でも女性に近づくために、どこか体をいじくりたい。
そんな願望が日増しに強くなっていた私。

お金も勇気もない私に出来ることを考えていたら、一つだけあったの。

それは耳にピアスの穴を開けること。
会社勤めをしている私くらいの年齢で開ける人はいないと思うけれど、ヨーロッパでは、生後すぐにピアスをする
習慣があるくらいで、お店にも可愛いものがたくさん
あふれています。

決めたらすぐに実行。そして、今日会社の帰りに開けてきました。
今は地味なシルバーのファーストピアスが、両耳にあるだけだけれど、夏のことを考えたらすごく楽しみ。

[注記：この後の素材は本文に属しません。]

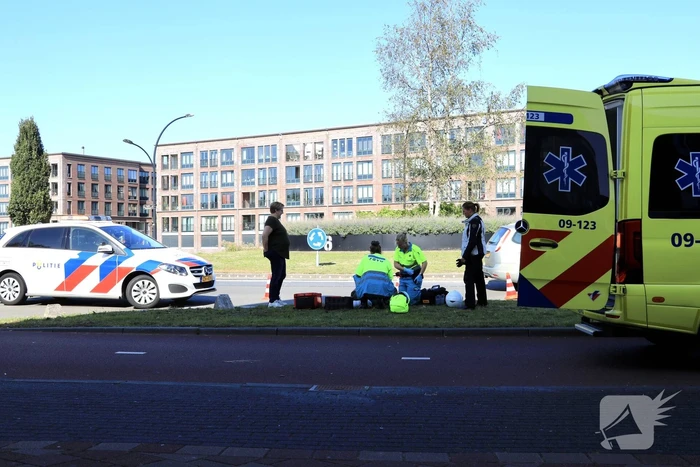 Gewonde na val met motor op rotonde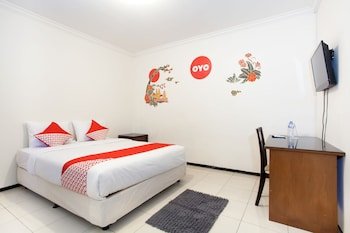 OYO 143 Dukuh Kupang Residence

ピアスをしたいけれど、穴を開けるのが痛そうと思っている人も結構いらっしゃるようだけれど、痛みはほんの
一瞬。予防注射程度で、採血よりもずっと楽でしたよ。ただ私は直後にビールを飲んだこともあり、
後から少し痛みを感じたから、お酒は控えてた方がいいかもね。



4月6日

北日本を除いた地域はそろそろ桜のきれいな時期なんでしょうね。
ここでは桜を見れません。でも、私にはそれでよかった。

私は最後に桜を見たのは4年前の今頃でした。
なぜなら、桜を見るとふとあの日のことを考えてしまうから。

当時汚いオジサンに向かっての道を歩み始めていた私でしたが、職場の人たちと行ったお花見がきっかけで、
ある女性が私に特別な思いを抱いてくれました。

当時私は自らの性の問題などもあり、パートナーとは別居中で、離婚のタイミングを待っているだけの
状態でした。そんな時に、めぐり合った人。
可愛いけれど、いかにもお姫様タイプで、性格もなんかわがままそうで、
(私もわがままで人のことは言えないかな。)正直私には
何も感じるものがなかった。
でもね、人ってじっくりと向き合って話すまでは、
分からないものですね。
実は育ちが良く、すごく教育が行き届いているお嬢さんで、
私がかなり誤解していたよう。

そんな罪悪感もあり、私からデートに誘うようになり、最後はあるショットバーで私から告白させられていました。

男性として生きていくことを宿命として、彼女を守って、これから新しい人生を送って行こうと、女性化の道と
決別することに。

長くなるので、続きは次回にお話しますね



4月8日

(前回の続き)
人生って、残酷に思えることがあります。
私がどうしても元パートナーのもとに戻らなければならない事態が発生。
勿論それは関係修復のためではなく。

最初は半年後には帰る予定だったので、パートナーとは毎日末期状態の喧嘩が絶えなかったものの、
もうそんなことは正直どうでも良かった。

それに時々、夢の中で彼女が出てきて、バラ園をデートしたり、洒落たカフェでアフタメーンティーを楽しんだり。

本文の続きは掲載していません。